▶ Problem to work on: When you repeat the entries below, keep each word exactly as it is and drop the pictures.

▶ Source material:
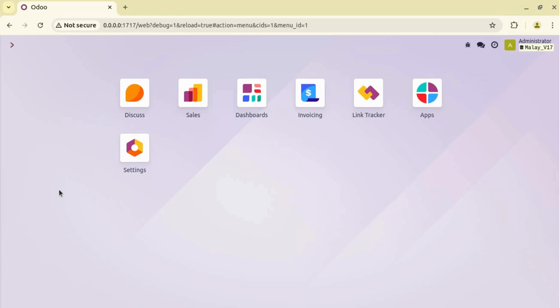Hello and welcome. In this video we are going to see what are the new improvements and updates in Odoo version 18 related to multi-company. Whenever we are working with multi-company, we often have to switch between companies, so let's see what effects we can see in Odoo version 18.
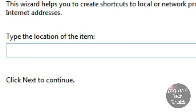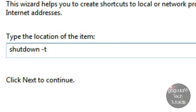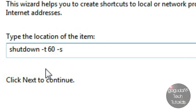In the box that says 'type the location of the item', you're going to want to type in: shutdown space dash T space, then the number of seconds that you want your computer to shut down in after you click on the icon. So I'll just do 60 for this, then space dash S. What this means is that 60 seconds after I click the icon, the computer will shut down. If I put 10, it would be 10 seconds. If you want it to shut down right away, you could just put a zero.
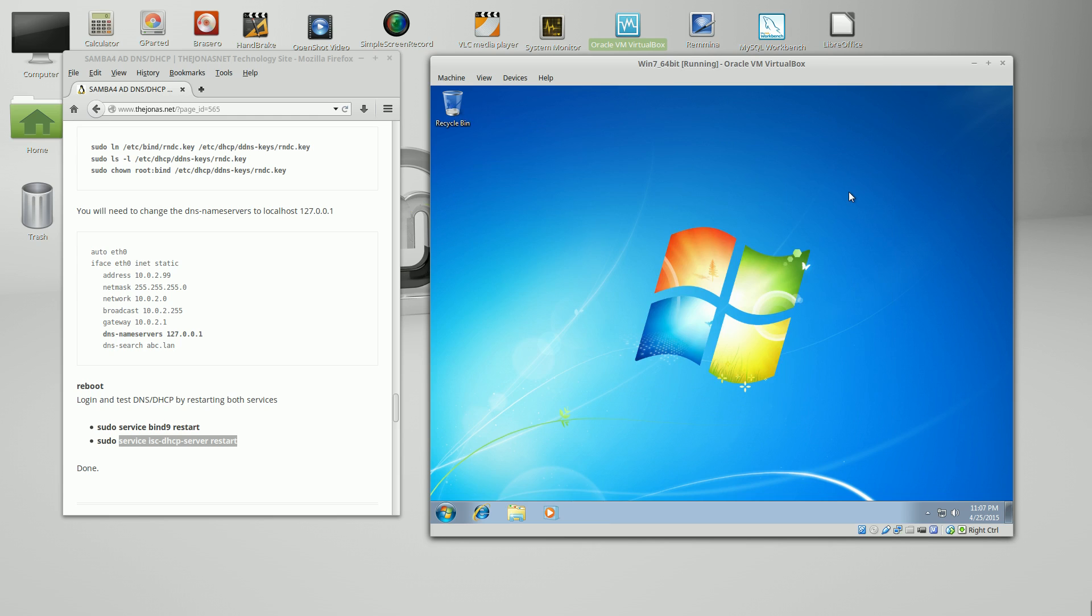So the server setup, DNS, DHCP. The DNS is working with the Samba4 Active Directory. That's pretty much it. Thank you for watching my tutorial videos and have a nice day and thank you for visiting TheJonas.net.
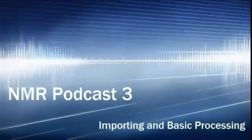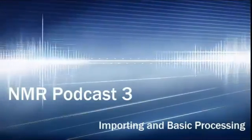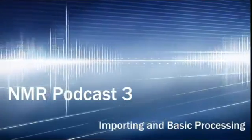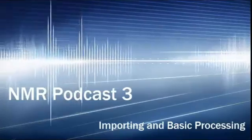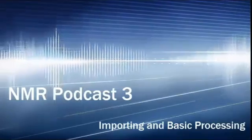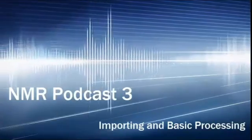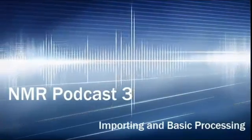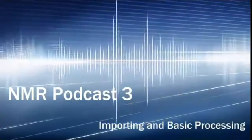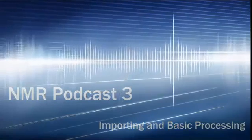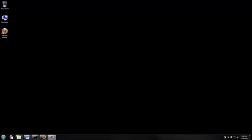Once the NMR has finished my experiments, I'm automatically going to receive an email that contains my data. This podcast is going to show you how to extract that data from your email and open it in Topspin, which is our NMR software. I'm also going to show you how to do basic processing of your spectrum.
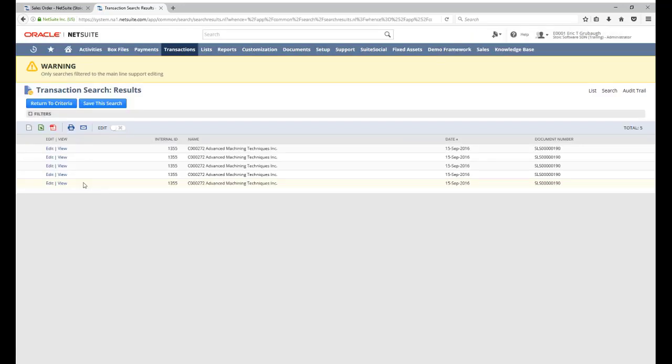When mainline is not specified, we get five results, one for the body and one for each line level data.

▶ Answer space:
Hello and welcome. In this video we are going to see what are the new improvements and updates in Odoo version 18 related to multi-company. Whenever we are working with multi-company, we often have to switch between companies, so let's see what effects we can see in Odoo version 18.
In the box that says 'type the location of the item', you're going to want to type in: shutdown space dash T space, then the number of seconds that you want your computer to shut down in after you click on the icon. So I'll just do 60 for this, then space dash S. What this means is that 60 seconds after I click the icon, the computer will shut down. If I put 10, it would be 10 seconds. If you want it to shut down right away, you could just put a zero.
So the server setup, DNS, DHCP. The DNS is working with the Samba4 Active Directory. That's pretty much it. Thank you for watching my tutorial videos and have a nice day and thank you for visiting TheJonas.net.
Once the NMR has finished my experiments, I'm automatically going to receive an email that contains my data. This podcast is going to show you how to extract that data from your email and open it in Topspin, which is our NMR software. I'm also going to show you how to do basic processing of your spectrum.
When mainline is not specified, we get five results, one for the body and one for each line level data.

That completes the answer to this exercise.